La Norma di Bellini alla Canadian Opera Company


di Gianni Cicali
  Norma, June Anderson
Data di pubblicazione su web 24/04/2006  
Per chi non ha mai assistito alla messinscena di un’opera italiana in una grande città del Nordamerica, la prima impressione è di sorpresa, quasi sbigottimento. Infatti l’enorme Hummingbird Centre di Toronto (teatro capace di più di 2000 spettatori) era assolutamente gremito in ogni ordine di posti per la prima del 30 marzo scorso della Norma di Vincenzo Bellini, che non ha deluso il pubblico.

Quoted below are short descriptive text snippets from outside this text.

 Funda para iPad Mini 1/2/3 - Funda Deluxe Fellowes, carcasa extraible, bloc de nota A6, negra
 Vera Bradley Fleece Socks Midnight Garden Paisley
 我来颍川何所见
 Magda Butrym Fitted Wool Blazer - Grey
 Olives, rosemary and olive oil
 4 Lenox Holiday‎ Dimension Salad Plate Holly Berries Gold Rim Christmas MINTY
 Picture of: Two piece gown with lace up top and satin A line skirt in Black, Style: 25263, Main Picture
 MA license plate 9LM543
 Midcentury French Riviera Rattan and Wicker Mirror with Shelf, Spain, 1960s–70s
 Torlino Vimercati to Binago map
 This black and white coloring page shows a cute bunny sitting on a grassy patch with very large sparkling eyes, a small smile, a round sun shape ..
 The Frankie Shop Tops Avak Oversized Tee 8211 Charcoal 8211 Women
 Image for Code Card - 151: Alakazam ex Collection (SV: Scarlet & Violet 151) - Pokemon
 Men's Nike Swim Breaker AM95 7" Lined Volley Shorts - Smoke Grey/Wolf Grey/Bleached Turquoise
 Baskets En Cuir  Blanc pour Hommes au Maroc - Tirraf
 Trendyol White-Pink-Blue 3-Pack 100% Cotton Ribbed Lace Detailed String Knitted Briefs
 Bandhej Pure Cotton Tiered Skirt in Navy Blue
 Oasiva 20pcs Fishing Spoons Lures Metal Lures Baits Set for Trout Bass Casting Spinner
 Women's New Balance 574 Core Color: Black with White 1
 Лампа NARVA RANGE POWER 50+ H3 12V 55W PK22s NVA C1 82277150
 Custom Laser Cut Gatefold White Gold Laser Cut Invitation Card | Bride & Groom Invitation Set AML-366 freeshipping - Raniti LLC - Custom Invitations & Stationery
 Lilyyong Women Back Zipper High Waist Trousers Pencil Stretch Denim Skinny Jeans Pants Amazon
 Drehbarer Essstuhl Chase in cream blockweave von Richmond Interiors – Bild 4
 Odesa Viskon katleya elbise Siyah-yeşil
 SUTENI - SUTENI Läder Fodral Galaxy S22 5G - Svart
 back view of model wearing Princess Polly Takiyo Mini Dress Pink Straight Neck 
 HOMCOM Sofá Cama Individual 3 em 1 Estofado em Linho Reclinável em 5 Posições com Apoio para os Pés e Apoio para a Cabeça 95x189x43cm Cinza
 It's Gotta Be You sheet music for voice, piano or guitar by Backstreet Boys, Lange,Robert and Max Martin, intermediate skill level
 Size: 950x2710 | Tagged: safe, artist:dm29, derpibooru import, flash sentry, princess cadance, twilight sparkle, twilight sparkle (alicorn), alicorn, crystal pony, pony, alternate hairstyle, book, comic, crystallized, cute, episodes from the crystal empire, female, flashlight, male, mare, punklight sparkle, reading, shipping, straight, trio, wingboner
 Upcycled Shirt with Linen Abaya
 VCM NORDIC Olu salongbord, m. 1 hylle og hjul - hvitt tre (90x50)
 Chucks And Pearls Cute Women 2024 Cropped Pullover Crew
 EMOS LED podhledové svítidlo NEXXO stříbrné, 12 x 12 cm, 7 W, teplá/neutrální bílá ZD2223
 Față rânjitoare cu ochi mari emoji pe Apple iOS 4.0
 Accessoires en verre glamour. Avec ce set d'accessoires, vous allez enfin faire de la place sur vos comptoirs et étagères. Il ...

L’opera, anzi l’andare all’opera, specialmente se italiana, è un evento molto popolare, sentito e particolarmente atteso dai melomani di questa grande, educata, ricca metropoli canadese, dove le lingue accreditate sono quasi 200. L’opera italiana, in tale milieu eteroculturale e plurilinguistico, può rappresentare uno spettacolo non solo ‘prestigioso’ ma anche unificante. A differenza del repertorio wagneriano (che può ancora suscitare controversi sentimenti), di quello francese (tranne varie eccezioni, meno ‘popolare’, oggi), ed escludendo le divine opere mozartiane (e gluckiane), il teatro lirico italiano, pur nella sua storica complessità (che da Monteverdi si reincarna nelle ‘forme’ dodecafoniche novecentesche), si offre come musicalmente più spettacolare e meno defatigante delle storie dell’Edda messe in musica (non ce ne vogliano i bayreuthiani, patria del moderno spettacolo teatrale).


Attilla Fekete (Pollione) e Marianna Kuilkova (Adalgisa)
Attilla Fekete (Pollione) e Marianna Kuilkova (Adalgisa).

Assoggettati ancora alla dittatura degli interpreti, obbligati a fare i conti con il successo o l’insuccesso (a volte entrambi effimeri), i compositori italiani del passato, lungi dal ricercare l’appoggio di un sovrano in bilico tra sogno e realtà, sapevano come far divertire il pubblico e come sopravvivere ad impresari e cantanti. Tutto questo pur seguendo la relativa monotonia di una struttura operistica che prevedeva, secondo le convenienze (cioè quanto spettava in termini di numero di scene e arie alle star come la primo soprano o prima donna assoluta; il primo tenore; l’altra prima donna), una rigida struttura che solo nel Novecento inizierà a sgretolarsi definitivamente. Le convenienze, spesso ridicolizzate anche nella letteratura coeva, hanno lasciato importantissima traccia di sé nei contratti dei divi di Hollywood, ad esempio, dove può essere specificato (ma nel cinema accade da anni, da anni lontani però vicini a un sistema dei ruoli teatrali) anche il numero di primi piani in cui l'attore-attrice dovrà comparire.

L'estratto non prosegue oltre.